I have the need to execute queries that are a series of range-scans that return quite large numbers of results (~250,000 or so).

With a fairly naive implementation, returning 250K results was generally taking about 2200ms, even if the same query is run repeatedly.

I ran some profiling, and it appeared that a lot of the time was spent in deserialization, so implemented a Protostuff based (de)serializer (http://code.google.com/p/protostuff/wiki/ProtostuffRuntime), which I have used before and is wonderfully fast.

This sped things up quite a bit, but queries are still around the 1400ms mark - I realise that the observed deserialization bottleneck was possibly a bit of a red-herring, as any time spent waiting on disk ends up being attributed to the byte deserialization methods.

I was really hoping that cached results would be a lot faster than this and was hoping that BDB JE's caching layer kept deserialized objects in memory, so that if cached results were requested, no deserialization would occur.

Is this the case (or is the cache more of disk blocks)? and if so, am I doing something wrong here, which is causing things to be slower than they should be?

I ran with stats spitting out periodically, shown here: https://gist.github.com/869edc4c00b0d9664e13 (two dumps, several minutes apart with benchmarking running).
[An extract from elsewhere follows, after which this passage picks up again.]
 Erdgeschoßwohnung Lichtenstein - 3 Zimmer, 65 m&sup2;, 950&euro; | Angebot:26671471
The operations running during this dump are a series of identical queries executed continuously in a loop.

From what I can gather, the cache misses only increase by ~100,000 over several minutes, which considering every loop of queries returns ~250,000 objects is very low (ie: I would have retrieved >20,000,000 object during the time between stats dumps).

Any insights as to how BDB JE's cache behaves (and whether it appears to be working) would be most appreciated.

Cheers/thanks!

fb.
  • 1. Re: Cache & object retrieval performance
    Charles Lamb Pro
    Currently Being Moderated
    940063 wrote:
    I ran with stats spitting out periodically, shown here: https://gist.github.com/869edc4c00b0d9664e13 (two dumps, several minutes apart with benchmarking running). The operations running during this dump are a series of identical queries executed continuously in a loop.
    Have you run DbCacheSize? If so, what does it say about how much memory you need for fitting the leaf nodes into memory? It appears that most of your cache misses are Leaf Nodes. It also looks like most of the IO is sequential reads (as opposed to random reads).
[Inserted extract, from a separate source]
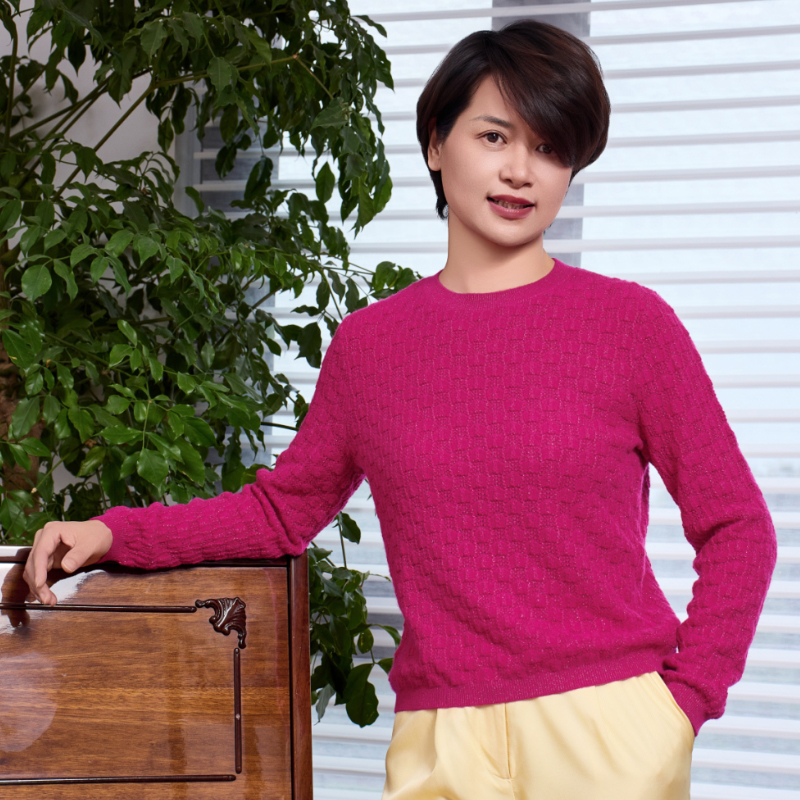 精纺纯羊绒圆领长袖裸穿亲肤显瘦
    Do a few random stack traces indicate IO is happening when the slowness appears?

    Charles Lamb
  • 2. Re: Cache & object retrieval performance
    greybird Expert
    Currently Being Moderated
    >
    I was really hoping that cached results would be a lot faster than this and was hoping that BDB JE's caching layer kept deserialized objects in memory, so that if cached results were requested, no deserialization would occur.
    >

    No, JE does not cache deserialized objects, it caches internal metadata and for the user's record it caches the bytes read from disk.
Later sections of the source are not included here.